BEYOND SQUARES AND CIRCLES TO CUBES AND SQUIRCLES

From the Little Concepts series

Too sophisticated for the traditional board-book crowd, it’s a handsome offering for older children who are ready to take a...

From “arch” to “zigzag,” an alphabetical catalog of shapes (and a few symbols) rarely found in concept books.

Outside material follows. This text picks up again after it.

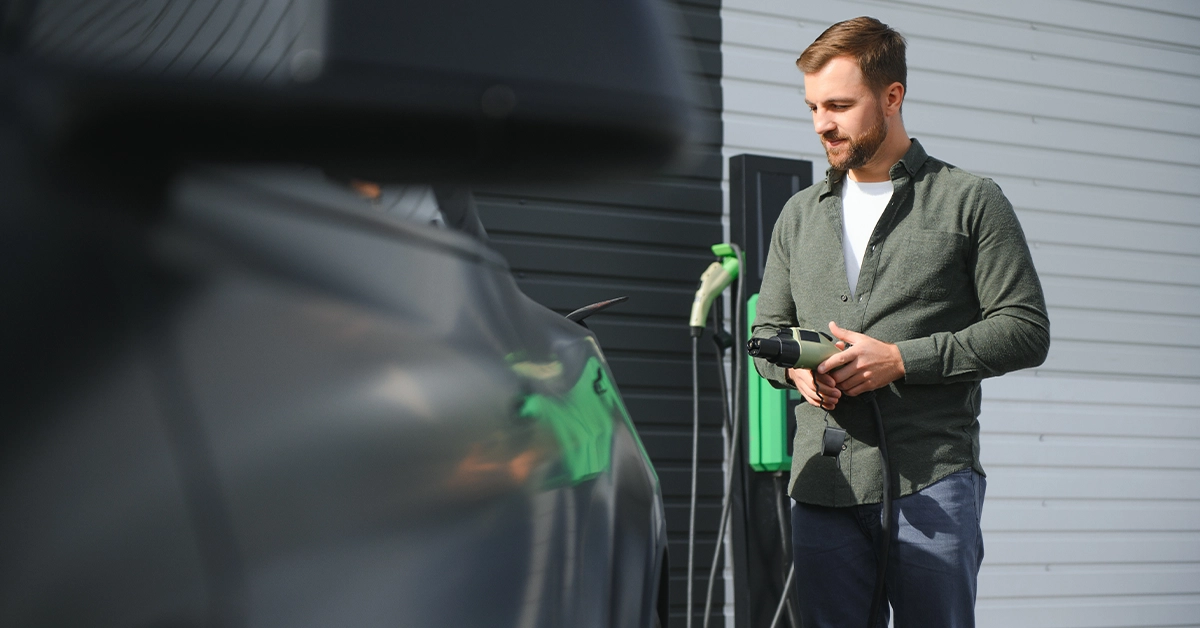 A motorist powering up his vehicle at one of the best electric car charging stations in Abu Dhabi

In the follow-up to ABC Color (2017), Chagollan and Arrhenius adhere to the previous format and remind readers that there are more shapes in the world than the standard square, circle, triangle, etc. The names of two shapes are listed on the verso (“ellipse” and “fleur-de-lis,” for instance), and on the recto appears an illustration incorporating the featured forms (a white, red-haired knight carrying an elliptical shield sporting a fleur-de-lis insignia in this case). Many of the formal, geometric names are used for the configurations, such as “lemniscate” for an infinity symbol and a “squircle” for a square with rounded corners, and may be new to grown-up and child readers alike. Arrhenius’ graphic imagery is pleasingly flat and simple, with keen use of nicely matched, muted colors. Unfortunately, the project lacks much diversity, as most of the skin tones are a rosy pink and never darker than a pale brown. The opening double-page spread depicts a beach scene and many of the shapes to follow; inspired readers will turn back once they’ve finished to use their new vocabulary. The final pages recount all the forms in a rapid-fire list for easy reference.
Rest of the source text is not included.